Module 9: Setting Up a Cloud Server
Manual deployment is tolerable exactly once. After that, you want a repeatable way to copy the backend onto the server, keep configuration files in the right place, and make sure the application comes back automatically after a reboot.
The lesson starts with secure copy, and that is still a perfectly reasonable first deployment tool. You copy the configuration file, copy the built artifact, and keep the transfer explicit enough that you can see what changed. It is not fancy, but it is understandable, and that matters when you are still assembling the deployment story.
The next step is the one that turns the backend from a jar file into a service. The original lesson leans on a Spring Boot feature that allows the packaged artifact to behave like an executable Linux service.
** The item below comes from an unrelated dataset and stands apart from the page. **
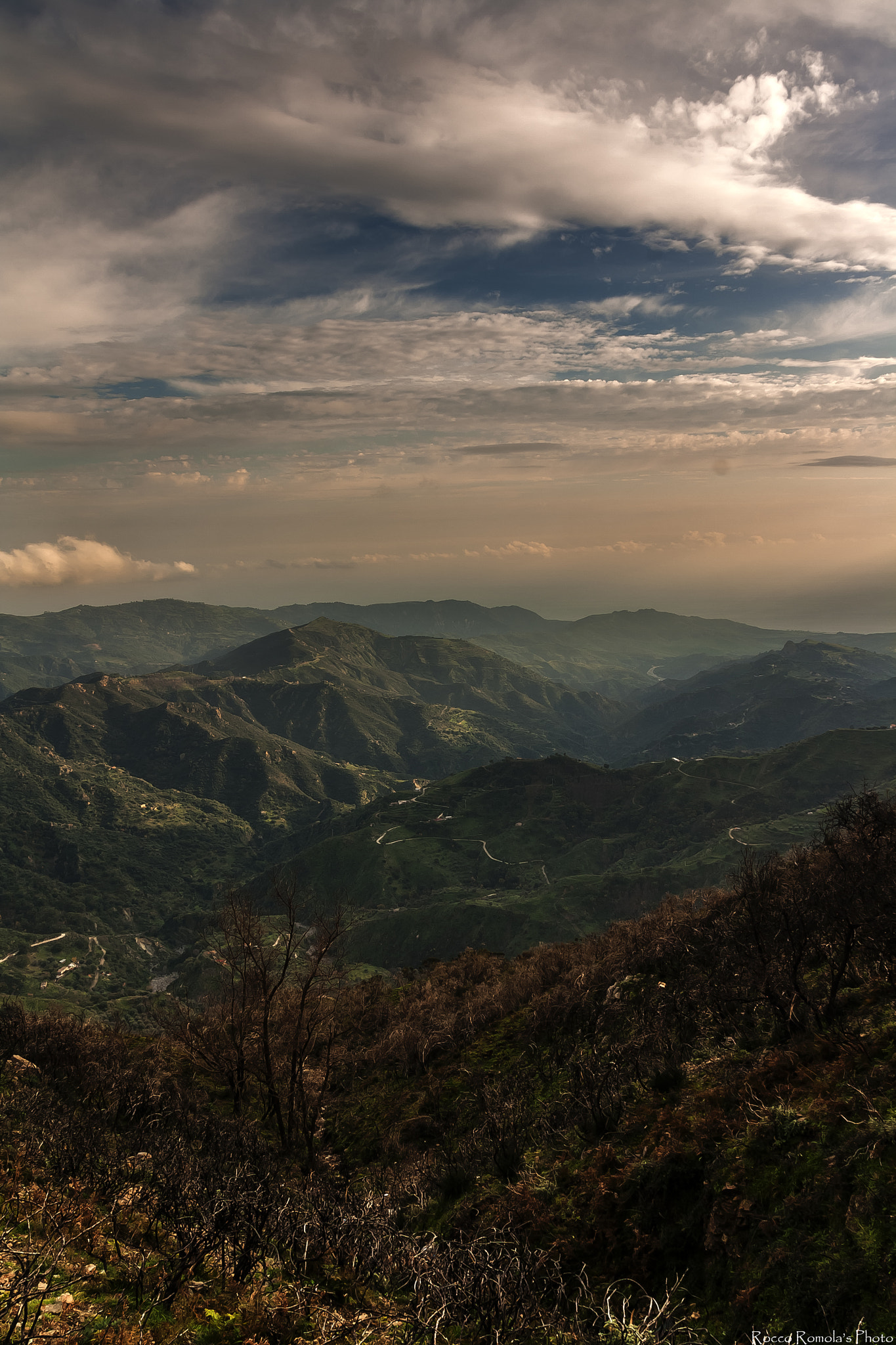 Sigma 17-70mm F2.8-4 DC Macro OS HSM sample photo. Grecia antica photography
That is a strong fit for a small VPS because it lets the operating system manage startup and logs instead of forcing you to keep the app alive manually in a shell.
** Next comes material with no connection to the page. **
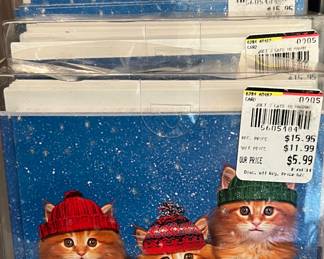 Holiday Cards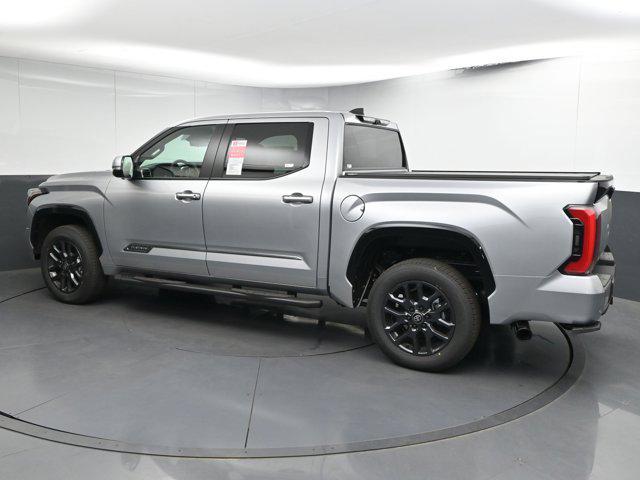 new 2025 Toyota Tundra car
The video uses symbolic links and classic init-style service integration. The exact boot integration mechanism you would choose today may differ depending on distribution and tooling, but the principle is the same: the server should know how to start the backend on boot, where its logs live, and which configuration belongs to that deployed instance.
The lesson also includes supporting pieces such as copying environment-specific properties, creating the database, and placing build tools where the backend expects them. Those details are not glamorous, but they are what make deployment dependable. A server is not really deployed until the configuration, runtime, filesystem layout, and startup behavior all line up.